Pour éclairer dans l’ère (et être dans l’air) du temps, un extrait du chapitre II de son ouvrage, La fin de la démocratie, publié en 1993 puis en 1995:
« Nous voici donc, à tous égards, bien loin des ambitions du XVIIIe siècle, et de leur expression la plus aboutie, la démocratie parlementaire. Le rêve d’un pouvoir qui arrêterait le pouvoir, le partage de la puissance entre plusieurs petits pôles autonomes ne créent pas l’équilibre, mais la paralysie. Au débat public éclairé par les lumières de la raison dont rêvaient les philosophes du XVIIIe siècle se substitue une confrontation professionnelle des intérêts. La démocratie libérale reposait sur deux postulats, qui sont aujourd’hui contestés : l’existence d’une sphère politique, lieu de consensus social et de l’intérêt général ; l’existence d’acteurs doués d’une énergie propre, exerçant leurs droits, manifestant leur « puissance », avant même que la société ne les constitue en sujets autonomes. Au lieu de sujets autonomes, il n’y a que des situations éphémères en fonction desquelles se nouent des alliances provisoires appuyées sur des compétences mobilisées pour l’occasion. Au lieu d’un espace politique, lieu de solidarité collective, il n’y a que des perceptions dominantes, aussi éphémères que les intérêts qui les manipulent. A la fois l’atomisation et l’homogénéisation. Une société qui se fragmente à l’infini, sans mémoire et sans solidarité, une société qui ne retrouve son unité que dans la succession des images que les médias lui renvoient chaque semaine d’elle-même. Une société sans citoyens, et donc, finalement, une non-société.
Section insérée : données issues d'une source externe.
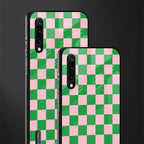pink & green check pattern glass case for mi a3 redmi a3 image-2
Cette crise n’est pas, comme on voudrait l’espérer en Europe, dans l’espoir d’y échapper, la crise d’un modèle particulier, le modèle américain.
Certes, les Etats-Unis d’Amérique poussent à l’extrême la logique de la confrontation des intérêts dans laquelle se dissout l’idée d’un intérêt général, et la gestion des perceptions collectives y atteint un degré de sophistication inégalé en Europe. Mais les cas limites aident à comprendre les situations moyennes, et la crise américaine est un révélateur de notre avenir.
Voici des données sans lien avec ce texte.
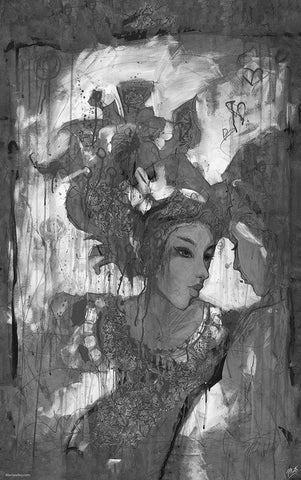 BandW Festive VI White Modern Wood Framed Art Print with Double Matting by Wiley, Marta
Le second pays qui porte l’emblème de notre avenir est le Japon. Il est l’autre facette de la mort de la politique et du nouvel âge des réseaux. Il n’a pas connu les constructions de l’âge des Lumières, la célébration de l’individu, le rêve d’une horlogerie sociale qui respecterait la multitude des destins particuliers. Il passe directement de l’âge féodal à une modernité dans laquelle nous ne nous reconnaissons pas encore. Son succès même en dit autant sur la fin de la politique que la crise américaine.
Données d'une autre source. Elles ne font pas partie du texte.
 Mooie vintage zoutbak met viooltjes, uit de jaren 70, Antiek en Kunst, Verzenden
Car la réussite japonaise n’est pas d’ordre politique : au Japon, la professionnalisation des intérêts et la fragmentation qui en est la conséquence trouvent en effet un contrepoids naturel dans la mémoire entretenue par les rites, d’une commune origine. Il échappe ainsi au blocage de l’Amérique, pour le moment incapable de concilier la logique institutionnelle de ses origines avec la logique relationnelle de la puissance contemporaine : paralysé par des coercitions négatives, écartelé par une multitude de débats hétéroclites qui ne sont plus arbitrés sur le terrain commun de la politique et de l’intérêt général, Washington ne sait plus décider. Tel n’est pas le cas du Japon, mais ce n’est pas la politique qui le sauve de la paralysie. C’est la chance de ce pays d’être construit sur des habitudes séculaires plutôt que sur un contrat. On ne trouve pas à Tokyo plus de citoyens qu’à Washington. Le Japon n’est pas une société, mais la mémoire d’une société ; on y mime des rapports de force, on y organise, avec le même parti au pouvoir depuis des décennies, le théâtre de la démocratie, et la chorégraphie bien agencée de ces affrontements soigneusement limités est la transposition asiatique des joutes médiatiques de l’Amérique moderne. Bunraku là-bas, Guignol ici, le théâtre des marionnettes n’est pas le même, il n’obéit pas aux mêmes règles, mais tous deux sont aussi « apolitiques ».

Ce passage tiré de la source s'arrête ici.